Obama Toured African Fortress Used by Slave Traders
By Jeff Mason
CAPE COAST, Ghana (Reuters) - After outlining his bright hopes for Africa's future, President Barack Obama got a glimpse on Saturday into one of the darkest chapters of its past -- the transatlantic slave trade.
Obama, America's first black president, took his family for a poignant tour of Cape Coast Castle, a seaside fortress used by slave traders starting in the 17th century and which is now a monument to millions of Africans cast into slavery.
"As painful as it is, I think that it helps to teach all of us that we have to do what we can to fight against the kinds of evils that sadly still exist in our world, not just on this continent but in every corner of the globe," Obama said somberly at end of his visit to the compound.
He likened his tour of the slave castle to his visit last month to the site of the former Nazi concentration camp at Buchenwald in Germany, saying "it reminds us of the capacity of human beings to commit great evil."
But Obama also suggested that from an African American perspective, seeing Cape Coast was bittersweet.
"There's a special sense that on the one hand this place was a place of profound sadness," he told reporters. "On the other hand, it is here where the journey of much of the African American experience began."
Obama, who received a hero's welcome in Accra, flew by helicopter to the site after addressing Ghana's parliament, where he urged Africans to work to rid the impoverished continent of war, corruption and disease and build a more prosperous future.
But the visit to Cape Coast was a look back at a darker era of African history for Obama, the son of a black father from Kenya and a white mother from Kansas.
His wife Michelle, who accompanied him on the tour along with their two daughters, is the descendant of Africans shipped to America as slaves.

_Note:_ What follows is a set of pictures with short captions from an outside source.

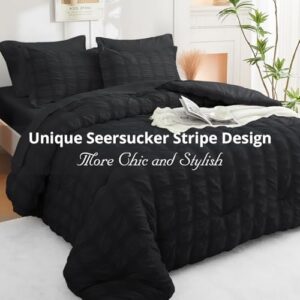 JOLLYVOGUE King Comforter Set Seersucker 7 Pieces, Black Comforter, Soft Bed in a Bag King Size, All Season Bedding Set with Comforter, Flat Sheet, Fitted Sheet, Pillowcases, Pillow Shams - Image 2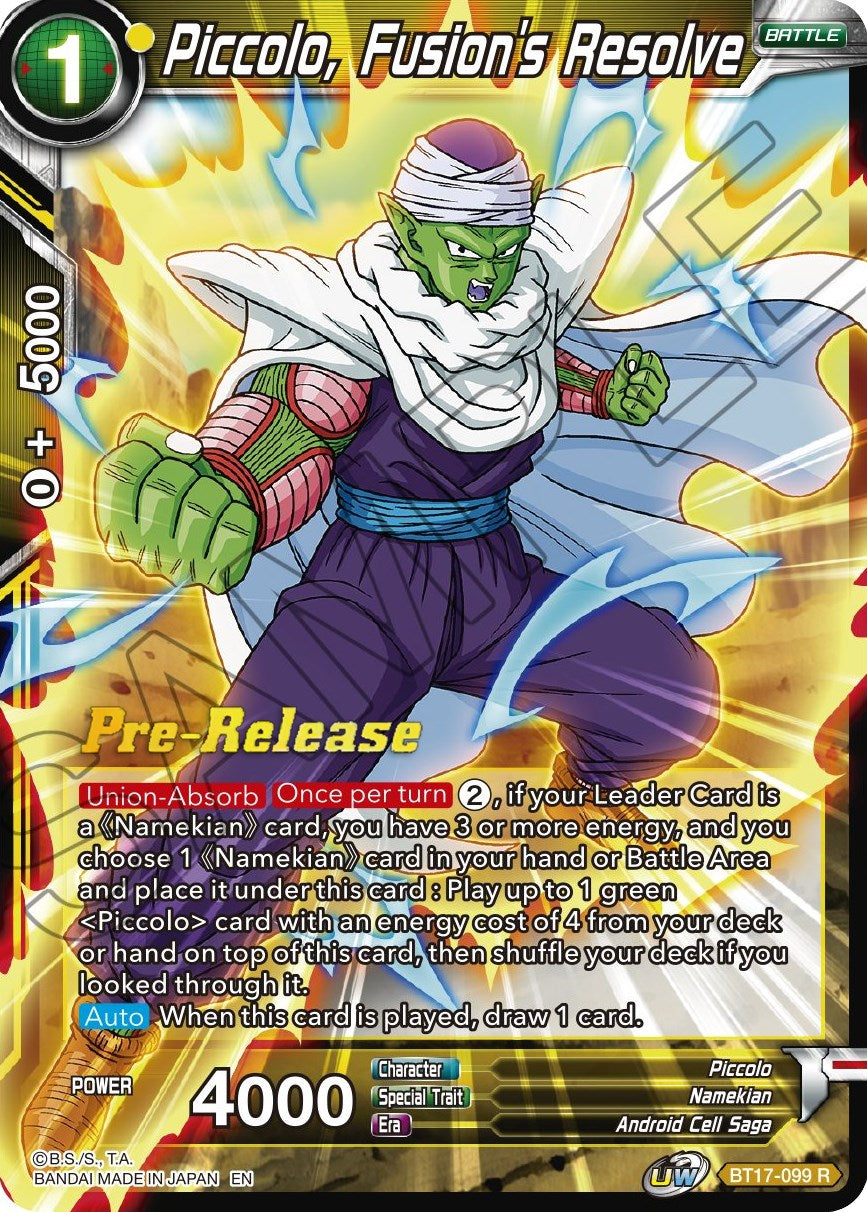 Piccolo, Fusion's Resolve (BT17-099) [Ultimate Squad Prerelease Promos] | Rock City Comics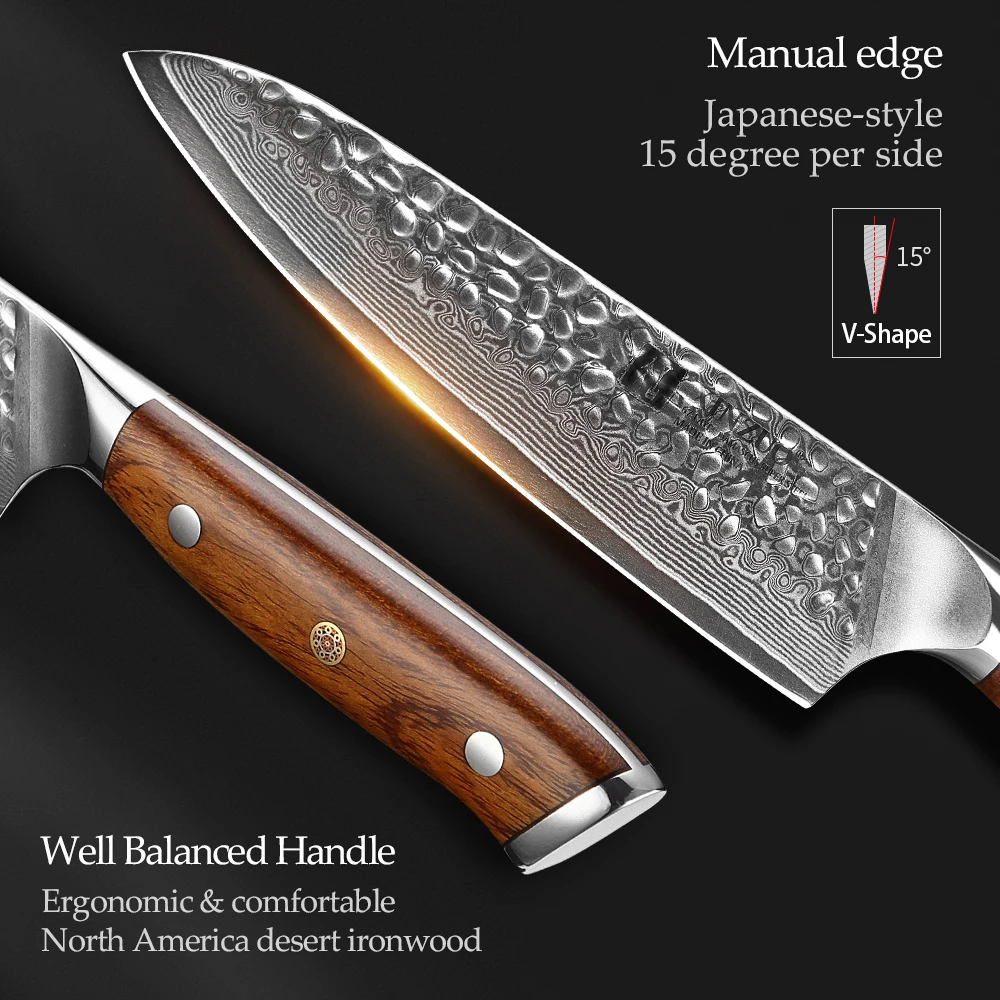 XINZUO 4PCS Kuhinjski Nož Set Damask Jekla Kuhinjski Set Nožev iz Nerjavečega Jekla Kuhar Mesa Santoku Cleaver Nož Rezilo Orodje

While drummers kept up a steady beat outside, Obama and his family toured a dungeon where slaves were kept before being shipped out through a "Door of No Return." The Obamas walked through the door, paused on the other side, then walked back in.
Outside the fortress, thousands of people, some wearing Obama t-shirts and others in native robes, pushed against police barricades to catch a glimpse of Obama's departure. When he stepped out and waved, the crowd cheered wildly.
"Obama's visit is really historic, symbolic. And I think it's also a blessing," said Kwame Sarfo-Adu, 39, a college biology lecturer wearing a t-shirt bearing portraits of Obama and Ghana President John Atta Mills.